The leaders of the parties representing the anti-Brexit majority at Stormont have expressed concern at the lack of "tangible progress" on rights in the Brexit negotiations. 

In a joint statement, the leaders of Sinn Féin, the SDLP, Alliance and the Green Party said guarantees on rights have still not been given legal effect. 

It is the third such joint statement from the four parties on Brexit in recent months. 

It was released as British Prime Minister Theresa May began a two-day visit to the north during which she will meet party leaders over Brexit and deliver a speech in Belfast. 

The joint statement issued by the parties states that the Brexit negotiations are now at "a crucial point" and urges more work to ensure rights are protected. 

"Guarantees were given in the Joint Report between the British government and the EU in December that there would be no diminution of rights as a result of Brexit, on the rights of people resident here and that the Good Friday Agreement would be protected. 
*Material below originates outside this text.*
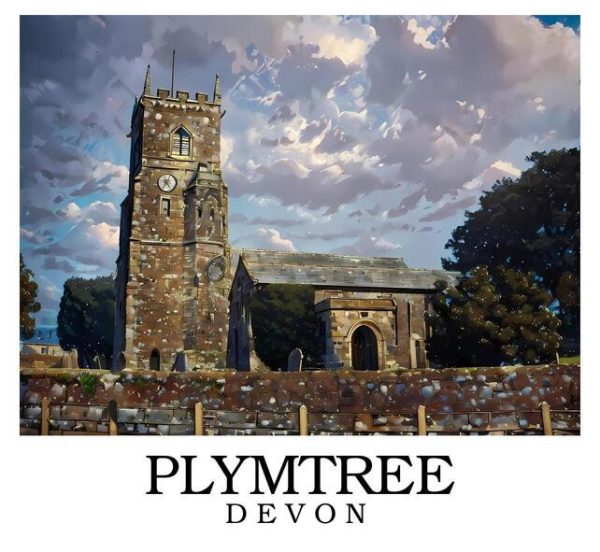 Plymtree_border_writing_bottom_sample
“These guarantees have yet to be fully translated into legally binding text and reflected in the Draft Protocol on Ireland/Northern Ireland," it states. 

The party leaders also expressed concern about specific areas regarding rights and all-Ireland healthcare. 

“Significant areas of concern remain, and there is little sign of any tangible progress on a range of important matters, including: continued access to third-level study with status of EU students; continued access to the European Health Insurance Card; continued provision for cross-border health services, such as the Northwest Cancer Centre and the Children’s Heart Centre; and safeguards for EEA migrant workers in Northern Ireland, as well as a broad range of other areas reflected in our earlier Joint Declaration on Human Rights and Equality. 

“We note the proposals put forward by civic society groups for amendments to the Draft Protocol and we urge further dialogue and consideration of changes to ensure that the Protocol is amended in a manner that faithfully reflects and translates into law all rights and equality commitments made in the first phase of the negotiations," the statement said.